* Task instructions *
Could the data below be copied exactly, minus the pictures?

* Provided data *
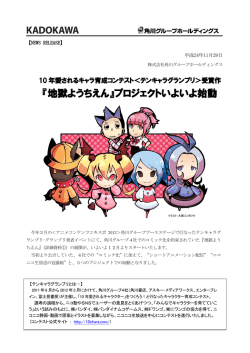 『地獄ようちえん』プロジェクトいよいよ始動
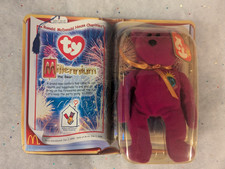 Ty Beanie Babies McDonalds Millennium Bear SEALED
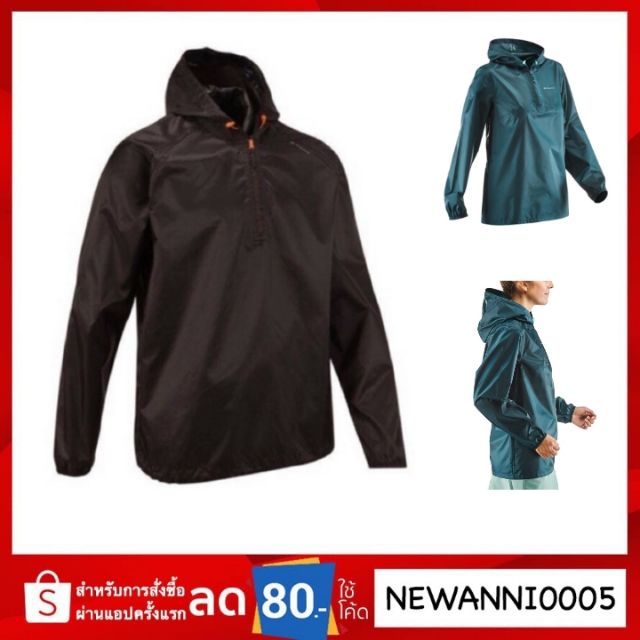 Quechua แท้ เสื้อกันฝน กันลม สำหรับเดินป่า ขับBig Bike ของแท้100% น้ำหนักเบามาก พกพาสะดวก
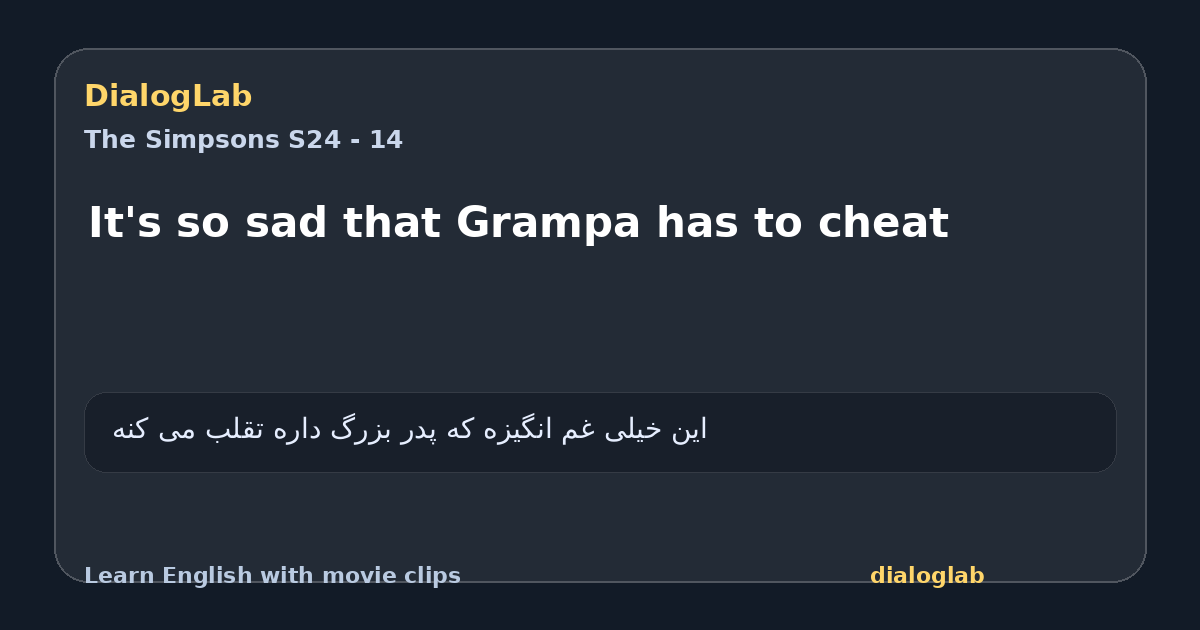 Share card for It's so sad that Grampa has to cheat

* Response *
 『地獄ようちえん』プロジェクトいよいよ始動
 Ty Beanie Babies McDonalds Millennium Bear SEALED
 Quechua แท้ เสื้อกันฝน กันลม สำหรับเดินป่า ขับBig Bike ของแท้100% น้ำหนักเบามาก พกพาสะดวก
 Share card for It's so sad that Grampa has to cheat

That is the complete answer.